Settled by successive waves of arrivals during the last 10,000 years, various estimates of the native population range from 100,000 to 300,000. The Indigenous peoples of California included more than 70 distinct groups of Native Americans, ranging from large, settled populations living on the coast to groups in the interior. California groups were diverse in their organization with bands, villages. Trade and military alliances fostered many social and economic relationships among the diverse groups, the first European effort to explore the coast as far north as the Russian River was a Spanish sailing expedition, led by Portuguese captain Juan Rodríguez Cabrillo, in 1542. Some 37 years English explorer Francis Drake explored and claimed a portion of the California coast in 1579. Spanish traders made unintended visits with the Manila galleons on their trips from the Philippines beginning in 1565
Nebraska /nᵻˈbræskə/ is a state that lies in both the Great Plains and the Midwestern United States. Its area is just over 77,220 sq mi with almost 1.9 million people and its largest city is Omaha, which is on the Missouri River. The state is crossed by many trails and was explored by the Lewis. Nebraska was admitted as the 37th state of the United States in 1867 and it is the only state in the United States whose legislature is unicameral and officially nonpartisan. Nebraska is composed of two major regions, the Dissected Till Plains and the Great Plains. The Dissected Till Plains is a region of rolling hills. The Great Plains occupy most of western Nebraska, characterized by treeless prairie, the state has a large agriculture sector and is a major producer of beef, pork and soybeans. Two major climatic zones are represented in Nebraska, the half of the state has a humid continental climate, and the western half. Indigenous peoples lived in the region of present-day Nebraska for thousands of years before European exploration.

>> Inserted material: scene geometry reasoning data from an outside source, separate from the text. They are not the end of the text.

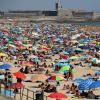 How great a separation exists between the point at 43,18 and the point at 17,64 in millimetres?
105769

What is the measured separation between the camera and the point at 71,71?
75.6ft

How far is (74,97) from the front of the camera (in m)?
18.3

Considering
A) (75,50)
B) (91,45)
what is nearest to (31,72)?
(75,50)

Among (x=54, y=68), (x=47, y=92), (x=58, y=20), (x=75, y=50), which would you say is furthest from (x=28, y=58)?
(x=58, y=20)

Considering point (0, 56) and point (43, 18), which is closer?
point (0, 56)

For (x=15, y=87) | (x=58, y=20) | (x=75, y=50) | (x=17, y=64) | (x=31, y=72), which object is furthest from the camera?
(x=58, y=20)

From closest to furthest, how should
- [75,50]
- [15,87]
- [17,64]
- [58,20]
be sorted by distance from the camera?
[15,87]
[17,64]
[75,50]
[58,20]

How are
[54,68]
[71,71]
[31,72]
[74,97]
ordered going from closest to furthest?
[74,97], [71,71], [31,72], [54,68]

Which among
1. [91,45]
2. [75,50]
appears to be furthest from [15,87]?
[91,45]

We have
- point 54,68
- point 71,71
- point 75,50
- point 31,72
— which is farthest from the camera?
point 75,50

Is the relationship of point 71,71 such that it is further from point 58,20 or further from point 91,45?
point 58,20

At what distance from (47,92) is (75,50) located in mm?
17748

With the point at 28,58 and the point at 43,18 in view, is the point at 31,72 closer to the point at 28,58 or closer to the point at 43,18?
the point at 28,58

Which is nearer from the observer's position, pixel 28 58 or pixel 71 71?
pixel 71 71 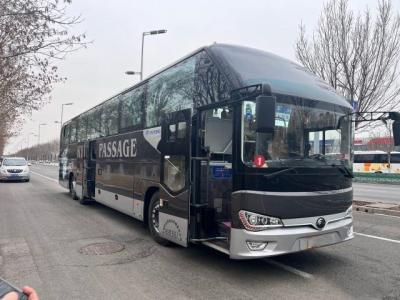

The historic tribes in the state included the Omaha, Ponca, Otoe, when European exploration and settlement began, both Spain and France sought to control the region. In the 1690s, Spain established trade connections with the Apaches, by 1703, France had developed a regular trade with the native peoples along the Missouri River in Nebraska, and by 1719 had signed treaties with several of these peoples. After war broke out between the two countries, Spain dispatched an expedition to Nebraska under Lieutenant General Pedro de Villasur in 1720. The party was attacked and destroyed near present-day Columbus by a force of Pawnees and Otoes. The massacre of the Villasur expedition effectively put an end to Spanish exploration of Nebraska for the remainder of the 18th century, in 1762, during the Seven Years War, France ceded the Louisiana territory to Spain. Frances withdrawal from the area left Britain and Spain competing for dominance along the Mississippi, by 1773, that year, Mackays party built a trading post, dubbed Fort Carlos IV, near present-day Homer.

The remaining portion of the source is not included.